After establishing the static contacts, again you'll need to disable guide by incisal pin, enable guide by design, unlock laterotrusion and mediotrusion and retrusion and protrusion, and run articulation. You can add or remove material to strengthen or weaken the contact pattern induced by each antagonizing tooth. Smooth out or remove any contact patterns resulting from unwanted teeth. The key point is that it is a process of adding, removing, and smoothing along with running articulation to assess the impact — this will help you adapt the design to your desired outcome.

---

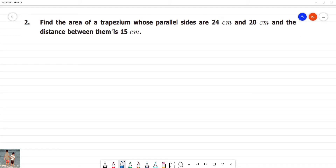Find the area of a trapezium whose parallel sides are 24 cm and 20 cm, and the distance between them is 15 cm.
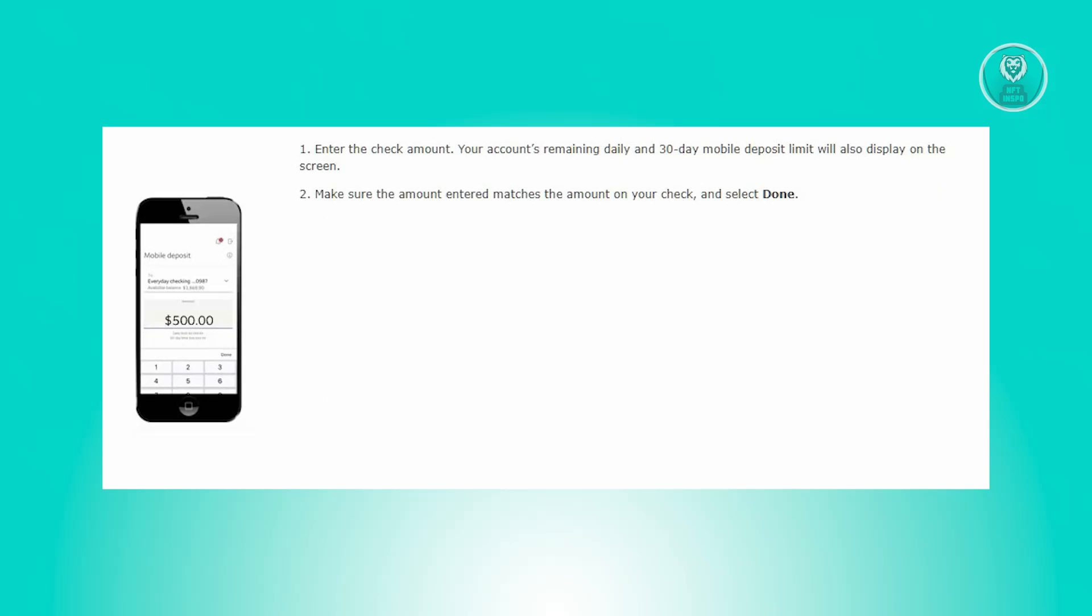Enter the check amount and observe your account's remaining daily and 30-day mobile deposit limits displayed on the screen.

● **Task statement**: Please print the lines above word for word, starting at the one with "Find the area" and ending at the one with "Enter the check", both included, and without any picture.

● **Output below**:
Find the area of a trapezium whose parallel sides are 24 cm and 20 cm, and the distance between them is 15 cm.
Enter the check amount and observe your account's remaining daily and 30-day mobile deposit limits displayed on the screen.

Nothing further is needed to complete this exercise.